Als fünftes Gebot steht geschrieben: „ Du sollst nicht töten.“
Um aber Fleisch zu beschaffen, muss getötet werden. Ist nun also jeder Fleischfresser ein Sünder und nur der Vegetarier ein guter Christ?
Nein, leider nicht. Auch wenn Vegetarier eben dieses Gebot oft als Rechtfertigung für ihren Lebensstil nutzen, so ist sie doch ungültig, denn in der Bibel führt Gott auf, dass alles, was lebt zur Nahrung dienen soll und schätzt tierische Opfergaben höher als pflanzliche. „Du sollst nicht töten.“ bezieht sich also nur auf andere Menschen, sowie sich im Prinzip alle zehn Gebote auf das Zusammenleben der Menschen konzentrieren. Für einen gläubigen Christen ist es sicher schwer anzuerkennen, dass die Natur und die Paradiesvorstellung aus verschiedener Feder stammen müssen. Er wird argumentieren „Es gibt aber nur einen Gott.“ aber wer hat dann die Vorstellung des messianischen Reiches so geprägt, dass sie konträr zur Natur verläuft?
Und wenn die Lösung, um Wolf und Lamm friedlich beieinander wohnen zu lassen ist, fremde Lämmer zu stehlen um die Wölfe zu sättigen, widerspricht das den zehn Geboten nicht noch viel mehr? „Du sollst nicht begehren deines Nächsten Gut.“ „Du sollst nicht stehlen.“
Um auf religiöser Basis zu argumentieren: Gott hat den Wolf als Fleischfresser geschaffen, demnach darf der die Lämmer reißen, um satt zu werden. Der messianische Zustand dagegen scheint ein Ideal-Weltbild der Menschen zu sein, welches niemals existieren wird, sodass der Mensch weiter ein Ziel hat, dass er verfolgen kann, nämlich das Unerreichbare zu erreichen, die Utopie.

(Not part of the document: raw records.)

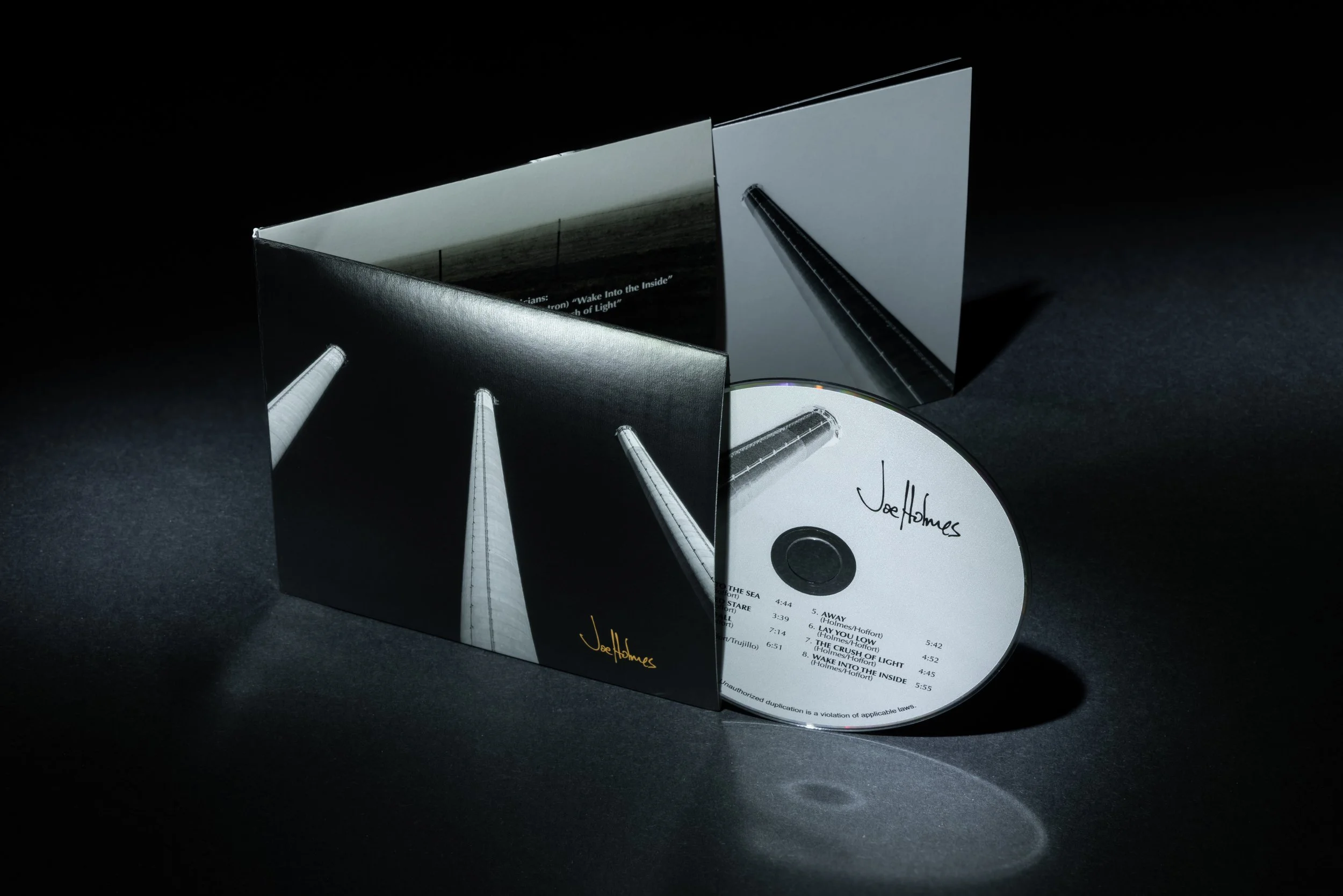 Open CD case with a CD inside and an accompanying booklet or sleeve, both featuring a black-and-white cover with tall, narrow columns. The CD has handwritten text that reads 'Joe Holmes' and song list.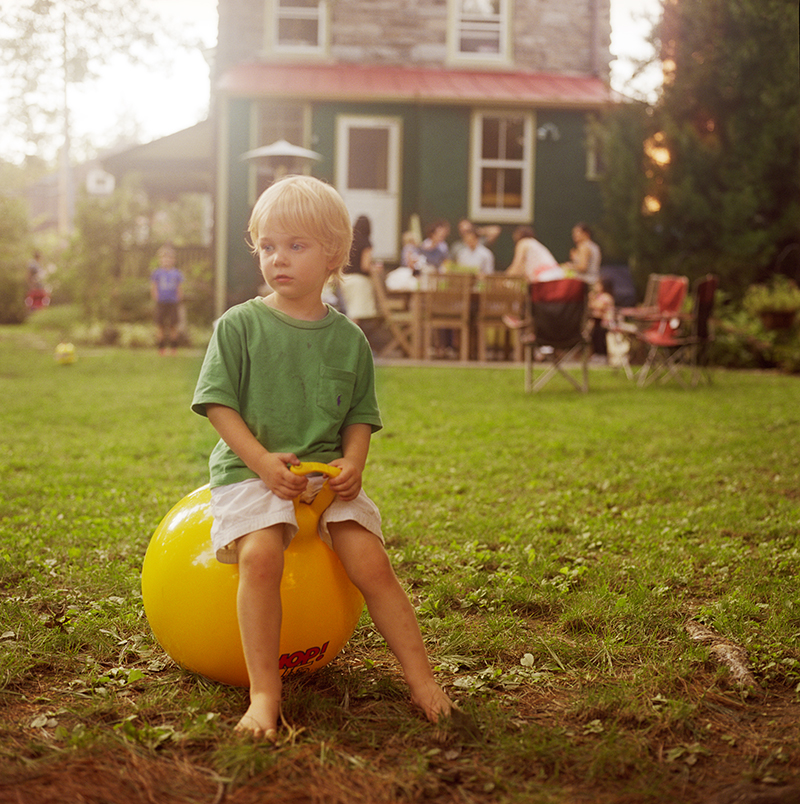 small boy on a yellow ball in a yard with family members
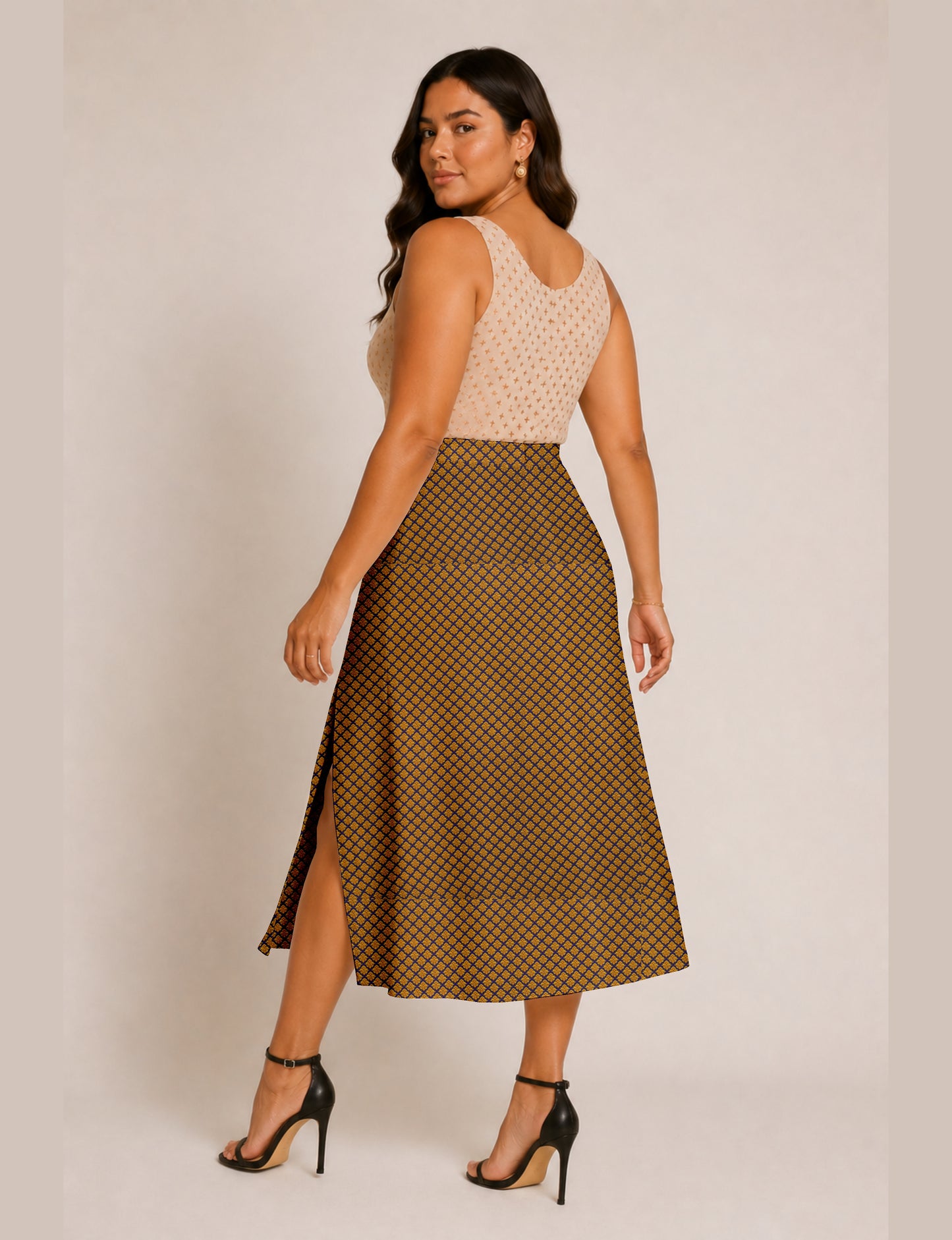 Woman wearing a yellow micro design A-line skirt with side slit, paired with a sleeveless beige top with small cross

An diesem Punkt würde ich gern ein Stück von der Metapher des Wolfes und des Lamms abrücken, denn durch den Lösungsvorschlag, fremde Lämmer anzuschaffen, lässt sich klar der Egoismus des Menschen erkennen. „Wenn meine Lämmer und Wölfe friedlich miteinander leben, so habe ich das Paradies auf Erden. Dass anderer Leute Lämmer für meine Wölfe sterben müssen, ist mir egal.“
Der Mensch ist also auf seinen eigenen Vorteil bedacht, ohne Rücksicht auf Verluste und das wiederum, hat nichts mehr mit dem messianischen Reich zu tun, denn das Gebot, dass über allen anderen steht, lautet: „Liebe deinen Nächsten, wie dich selbst.“ Wer sich mit der Religion nicht identifizieren kann, darf sich auf gern des guten alten Sprichwortes „Was du nicht willst, das man dir tu, das füg‘ auch keinem anderen zu.“ bedienen.
Man kann hier eine Parallele zu Kant erkennen, dessen Lösungsvorschlag für die Misere der kategorische Imperativ gewesen sein könnte. „Handele stets so, dass dein Handeln als Maxime für die Gesellschaft gelten könnte.“
Dass solche Forderungen aber utopisch sind, hat auch schon Thomas Hobbes erkannt. Mit seinem Satz „Homo homini lupus est“ (lat. „Der Mensch ist dem Menschen ein Wolf“) beschreibt er genau das Menschenbild, das der Realität entspricht. Wie Wölfe leben Menschen in „Rudeln“, Gruppen, wenn es aber problematisch wird, wird der Mensch, ganz wie der Wolf, zum Egoisten. „Erst ich, dann die anderen.“ „Solang bei meinen Wölfen und Schafen Frieden ist, bin ich zufrieden, wenn andere ihre Herden nicht kontrollieren können, ist das ja nicht meine Schuld.“
So oder so ähnlich denkt wohl letzten Endes jeder Mensch, denn jeder Mensch ist egoistisch. Muss er auch sein. Gäbe es Menschen, die absolut selbstlos agieren, würden diese von tatsächlich egoistischen Menschen ausgenutzt werden. Ein gesundes Maß an Egoismus ist unabdingbar, um sein Leben möglichst angenehm zu gestalten, um überhaupt überleben zu können. Natürlich nicht ganz und gar ohne Rücksicht auf Verluste.
Man merkt also, die Vorstellungen des messianischen Reiches und die Natur stammen aus unterschiedlichen Richtungen, genauso wie die Religion und die Naturwissenschaften. Aber ist Religion, Glaube, nicht einfach nur der Versuch, der Realität Einhalt zu gebieten? Vor ihr flüchten zu können, weil sie nun mal alles andere als paradiesisch ist?